Curieusement, cette approche, qui privilégie le logement social et l’aide aux démunis, s’accorde avec les arguments des tenants du libéralisme économique. Ils insistent pour que l’interventionnisme gouvernemental se limite à une aide sporadique, sous forme de subventions, tout en refusant que l’État s’engage dans un domaine qu’ils considèrent comme relevant d’une logique contractualiste fondée sur le principe du libre marché.
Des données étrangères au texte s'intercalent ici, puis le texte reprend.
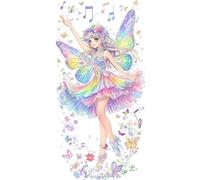 Diamond Painting Kit, 5D Ragazza Elfi Pittura Diamante per Adulti, DIY Diamante Crystal Art Completo, Ricamo a Punto Croce Artigianale, Per Decorazione Della Casa, Passatempo Bambini 50x130cm G597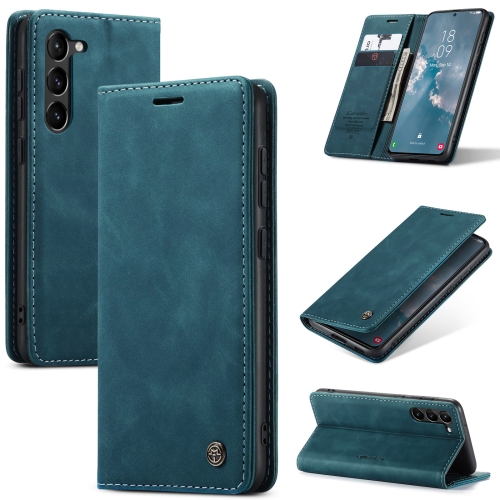 

For Samsung Galaxy S24+ 5G CaseMe 013 Multifunctional Horizontal Flip Leather Phone Case(Blue)
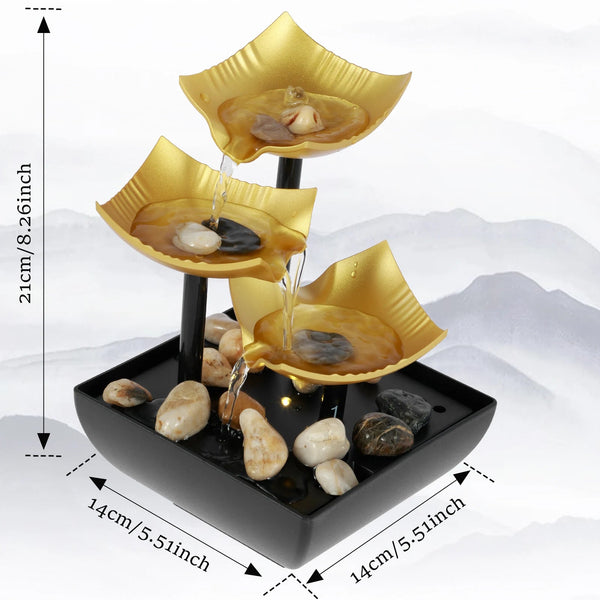 Tabletop Fountain Decor Water Landscape Ornament Attract Wealth Relax Zen Meditation Sculptures & Figurines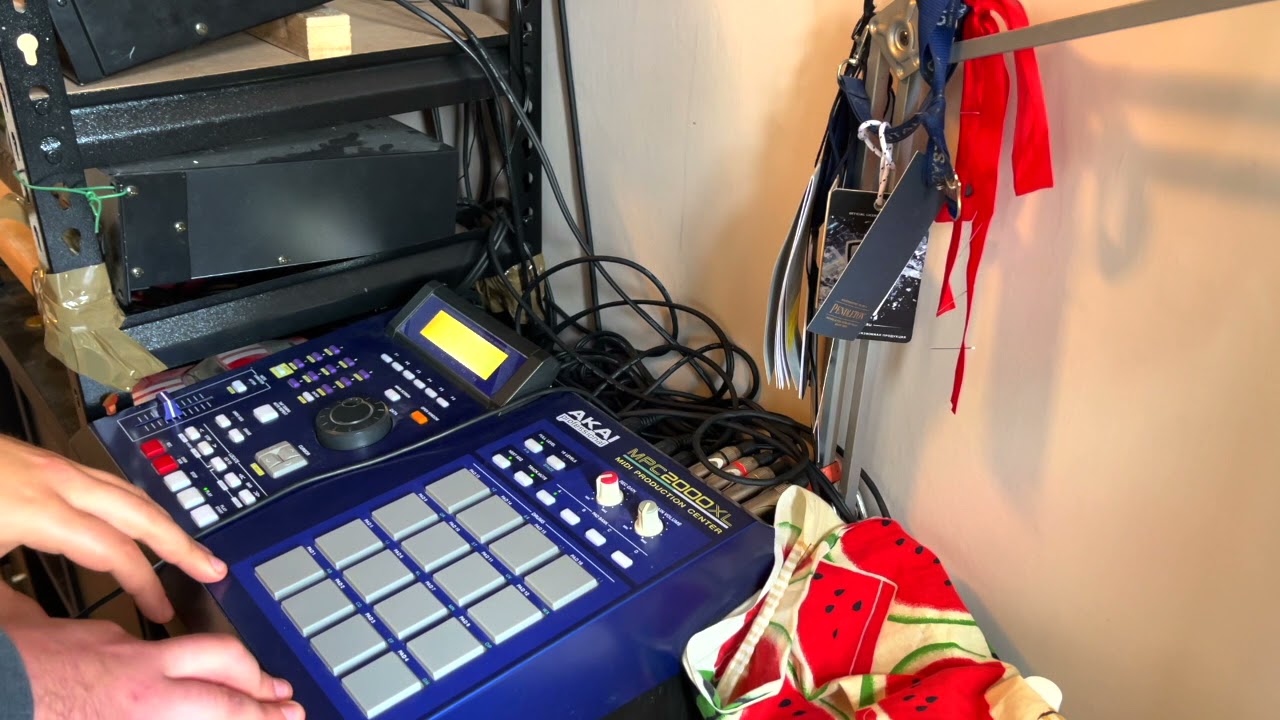 the MPC 2000XL controls the Jungle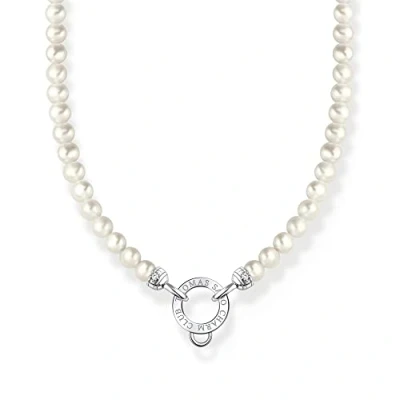Afbeelding van Thomas Sabo ketting 925 sterling zilveren zirconia One Size Wit 32023673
Parmi les économistes qui reconnaissent que le logement représente un enjeu social nécessitant une intervention gouvernementale, plusieurs prônent des solutions de financement étatique plutôt que des politiques de régulation des échanges économiques. Ils critiquent les entraves que les mesures de régulation des échanges imposent au marché locatif et, plus globalement, au marché immobilier. La solution, appuyée sur une vision néolibérale, paraît somme toute assez simple : déréglementer le secteur de l’habitation et accorder une aide pour les plus démunis.
Pourtant, le gouvernement québécois emprunte la voie de la régulation économique dès 1951 avec la Loi sur la Régie du logement. On reconnaît alors un caractère particulier au bail résidentiel ; la loi fixe certaines obligations et encadre son contenu. Toutefois, pour que ces règles aient des effets réels, elles doivent s’accompagner de moyens permettant leur mise en application lorsque l’une ou l’autre des parties échappe à ses obligations. Bien que le législateur édicte des principes et adopte des lois dont les objectifs visent à rééquilibrer les rapports de pouvoir entre propriétaires et locataires, la réalisation de leurs objectifs dépend, en définitive, de la mise en place de moyens faisant en sorte qu’ils soient respectés.
À titre d’exemple, le registre des loyers réclamé par plusieurs acteurs sociaux soucieux de l’augmentation abusive des prix se veut une solution aux lacunes concernant l’obligation de déclarer le loyer précédent, chose déjà prévue par la loi. Cette mesure n’est en réalité qu’un moyen d’appliquer efficacement la loi déjà en place qui oblige de divulguer au nouveau locataire le plus bas loyer payé depuis les 12 derniers mois. Autre exemple, aucun organe de surveillance ne s’assure que les reprises de logement autorisées par le Tribunal administratif du logement soient conformes à ce qui a été annoncé par le propriétaire. Or, l’efficacité d’une loi dépend de l’existence de mesures coercitives qui assurent sa mise en application et le respect des obligations qu’elle impose.
Les dynamiques économiques à l’œuvre aujourd’hui dans le domaine de l’habitation amènent de nouveaux défis, alors que les biens immobiliers demeurent des biens spéculatifs et que plusieurs appartements sont extraits du marché locatif résidentiel pour devenir des immeubles en copropriété ou des hébergements de courte durée (de type Airbnb). Ceci pose la question de la réglementation du parc immobilier et de l’encadrement de l’investissement immobilier afin d’éviter certains problèmes relatifs à la capitalisation, dont l’embourgeoisement et la diminution du stock de logements abordables.
Le problème du logement doit se comprendre autrement que par une logique qui l’assimile à un problème de pauvreté. Il implique une réflexion de fond sur les comportements des investisseurs, sur les dynamiques propres au capital immobilier et sur les rapports de pouvoir à l’œuvre à l’intérieur même du marché locatif.